• Problem:
Your copy should match the records below word for word and contain no pictures.

• Dataset content:

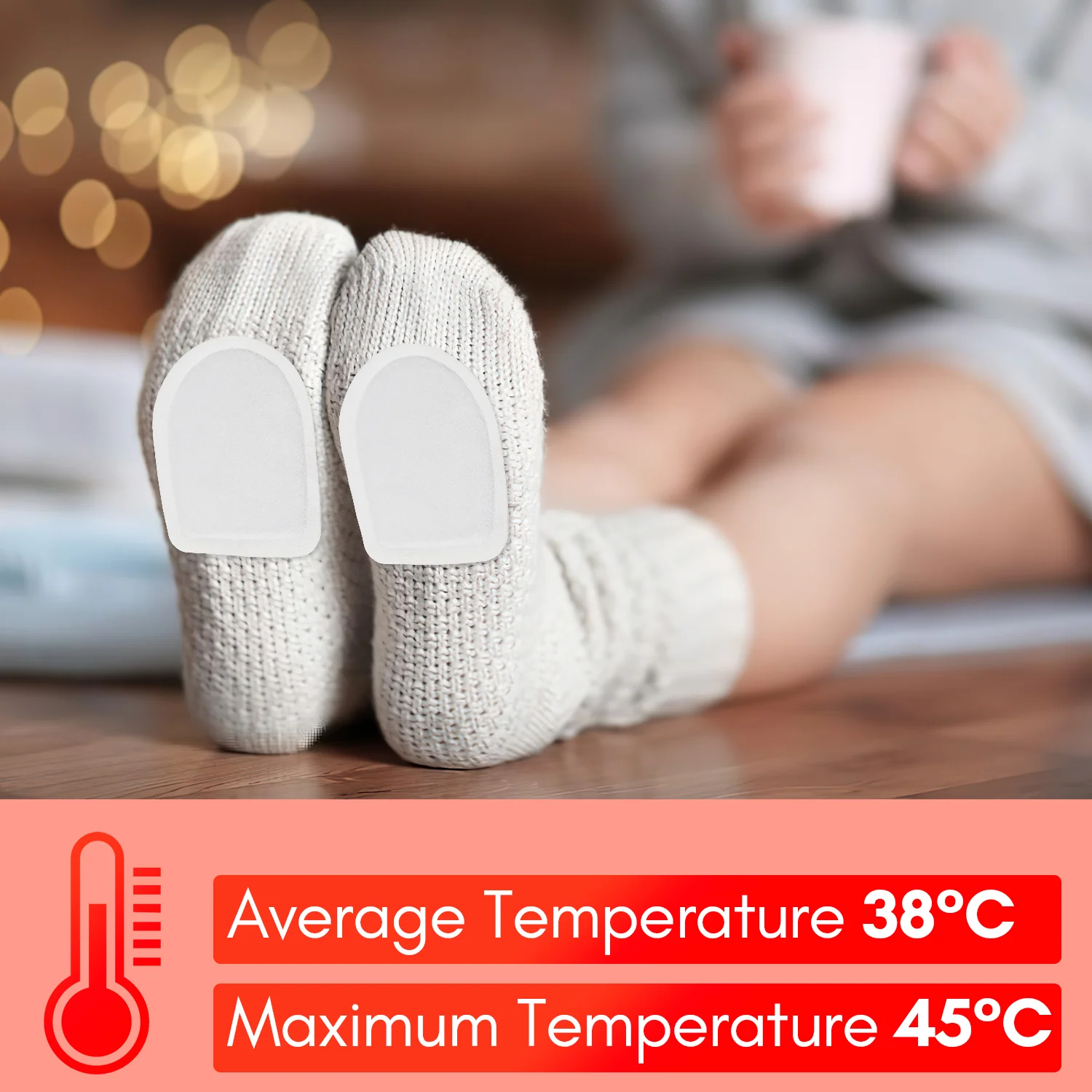 40 Paar Zehenwärmer Fußwärmer luftaktiviert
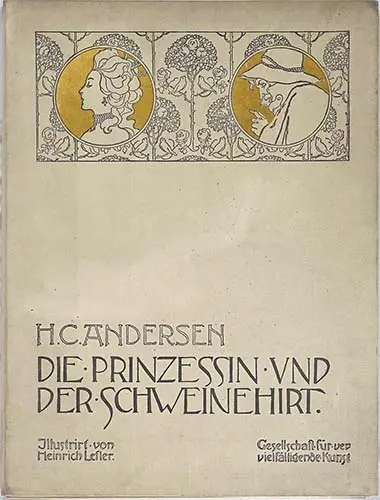 Heinrich Lefler - Die Prinzessin und der Schweinehirt 1897 Heinrich Lefler - Die Prinzessin und der Schweinehirt 1897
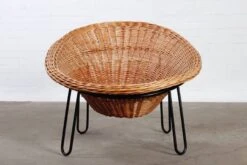 Vintage Rattan Sessel Mid Century Rockabilly 50er 60er Design -Chairly Shop 59f7433a d21c 4663 a028 d1d55f809d1c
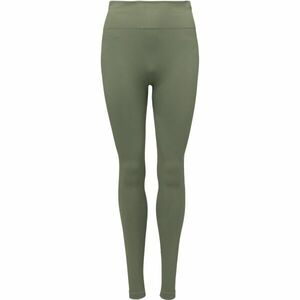 Fitforce BIALA Női fitnesz leggings, sötétzöld, méret kép
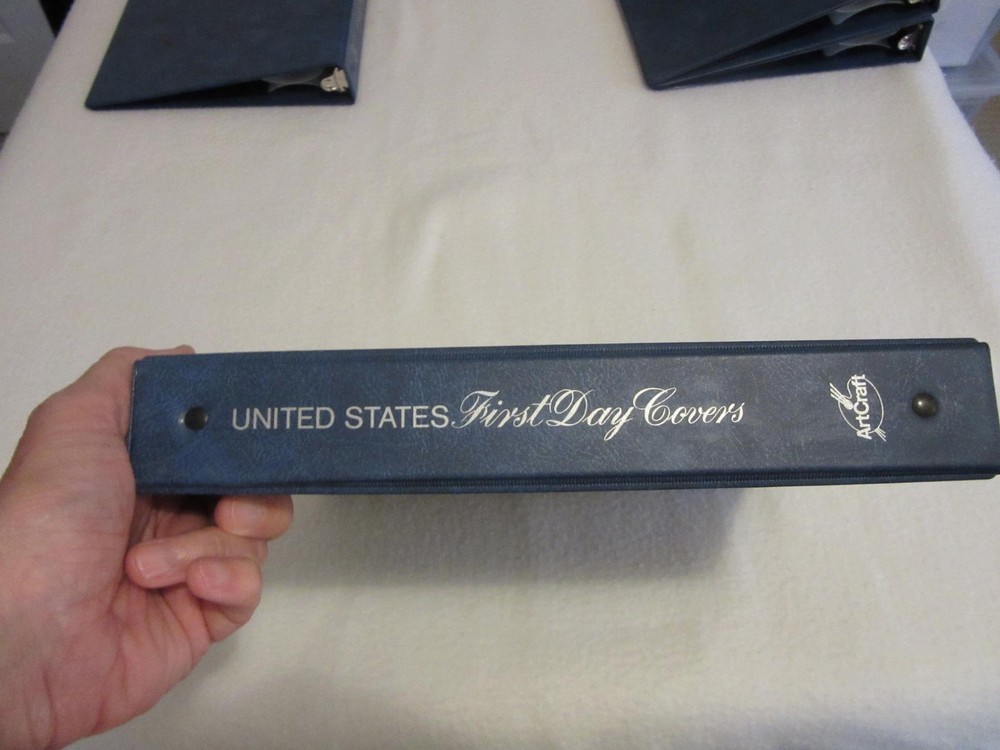 Lot of Three ArtCraft FDC First Day Cover 3-Ring Binders; Excellent condition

• Answer to the problem:
 40 Paar Zehenwärmer Fußwärmer luftaktiviert
 Heinrich Lefler - Die Prinzessin und der Schweinehirt 1897 Heinrich Lefler - Die Prinzessin und der Schweinehirt 1897
 Vintage Rattan Sessel Mid Century Rockabilly 50er 60er Design -Chairly Shop 59f7433a d21c 4663 a028 d1d55f809d1c
 Fitforce BIALA Női fitnesz leggings, sötétzöld, méret kép
 Lot of Three ArtCraft FDC First Day Cover 3-Ring Binders; Excellent condition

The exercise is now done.